Enter the path of your file


In [4]:
#Initializing arrays for data collection in csv file
sentence=[]
reqFormatList=[]

In [5]:
#Reading lines in the text file and storing them in lines
with open(path,'r') as f:
    lines = f.read()

In [6]:
#Applying the Language model on the lines read from the text file
doc=nlp(lines)

In [7]:
#Performing Sentence Segmentation and storing the files in the array sentence
for sent in doc.sents:
    sentence.append(sent)

### Note:  Doc.sents is a generator
A generator object can not produce output/segmented untill it is called. For example if there is a list object so you can iterate over it and print item one by one. Also you can print the output using indexing like list[0], list[1] etc without calling it explicitly means even without looping over it.
But this is not the case with generator objects. So the Doc is not segmented until doc.sents is called. This means that, where you could print the second Doc token (word token) with print(doc[1]), you can't call the "second Doc sentence" with print(doc.sents[1]):

In [8]:
#Storing each sentence as an array value in reqFormatList
for i in sentence:
    reqFormatList.append([i])

In [9]:
#Add path to CSV file
Path_to_CSV=input() or 'Data.csv'




In [10]:
#Storing each sentence in a cell in a csv file
header=['Sentences']
with open(Path_to_CSV,'w',newline='') as f:
    writer=csv.writer(f,delimiter=',')
    writer.writerow(header)
    for s in reqFormatList:
        writer.writerow(s)

### The data is now collected in a csv file and is now ready for basic pre-processing.

# Data Pre-Processing

In [11]:
#The first step is importing the data as a CSV file
df= pd.read_csv(Path_to_CSV)

In [12]:
df

Unnamed: 0,Sentences
0,Lightning lit up the purple sky of the mysteri...
1,"The sky was a dark purple with grey clouds, bo..."
2,"The land was parched and cracking, without any..."
3,They could barely see a single tree around them.
4,"In the distance, the adventurers can see a pal..."
5,\nIn front of the adventurers was a tall figur...
6,He did not speak.
7,"He had pale straw-colored skin, with white spi..."
8,"His hands seemed other worldly, with some kind..."
9,His two scimitars left a trail of shadows as h...

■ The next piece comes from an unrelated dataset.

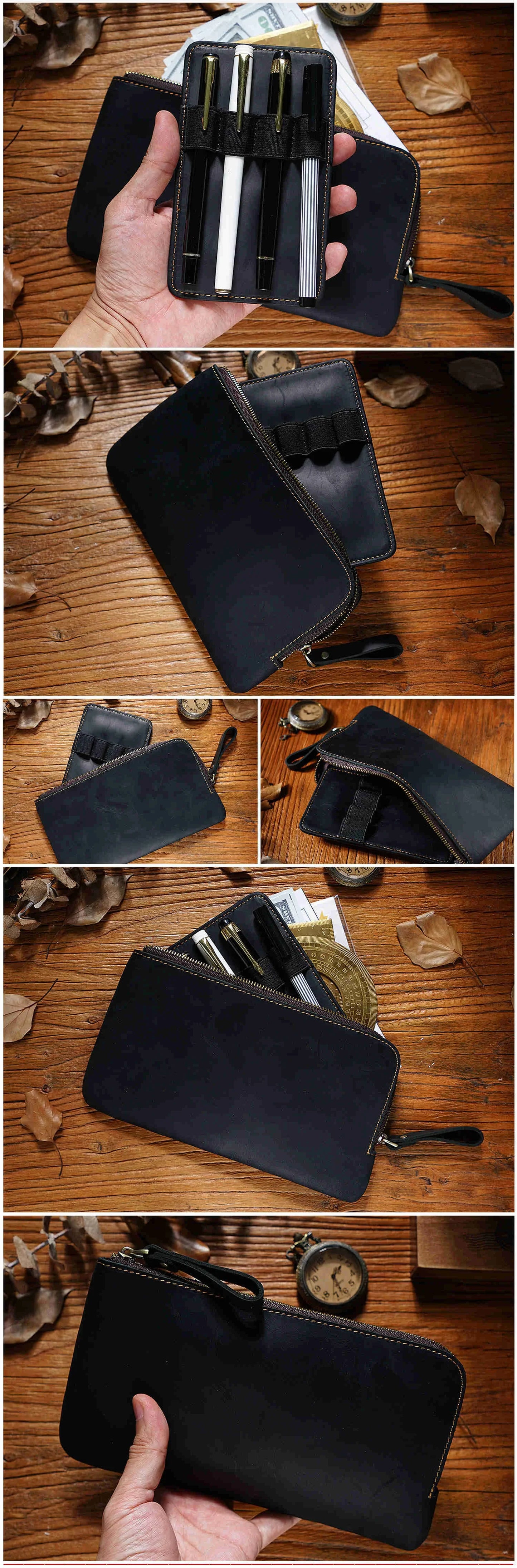 Leather Zipper Pen Case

### Removing Unwanted Spaces 

In [13]:
'''This function removes all the unwanted spaces in the data
    For example, it changes I 'm to I'm 
                            ca n't to can't... '''
def remove_spaces(text):
    text = re.sub(r" '(\w)",r"'\1",text)
    text = re.sub(r" \,",",",text)
    text = re.sub(r" \.+",".",text)
    text = re.sub(r" \!+","!",text)
    text = re.sub(r" \?+","?",text)
    text = re.sub(" n't","n't",text)
    text = re.sub("[\(\)\;\_\^\`\/]","",text)
    
    return text

### Expanding the words

In [14]:
#This function expands all the shortened words, for example, changing can't to Can not
def decontract(text):
    text = re.sub(r"won\'t", "will not", text)
    text = re.sub(r"can\'t", "can not", text)
    text = re.sub(r"n\'t", " not", text)
    text = re.sub(r"\'re", " are", text)
    text = re.sub(r"\'s", " is", text)
    text = re.sub(r"\'d", " would", text)
    text = re.sub(r"\'ll", " will", text)
    text = re.sub(r"\'t", " not", text)
    text = re.sub(r"\'ve", " have", text)
    text = re.sub(r"\'m", " am", text)
    return text

### Other Pre-Processing Steps

In [15]:
def preprocess(text):
    text = re.sub("\n","",text) # REMOVING "\n"
    text = remove_spaces(text)   # REMOVING UNWANTED SPACES
    text = re.sub(r"\.+",".",text) 
    text = re.sub(r"\!+","!",text)
    text = decontract(text)    # DECONTRACTION
    text = re.sub("[^A-Za-z0-9 ]+","",text) ## REMOVING UNWANTED CHARACTERS
    text = text.lower() ## CONVERTING TO LOWER CASE
    return text ## RETURNING THE PROCESSED TEXT

### Applying Functions to Data Frame 

In [16]:
for i, row in df.iterrows():
    df.at[i, 'Sentences'] = preprocess(row['Sentences'])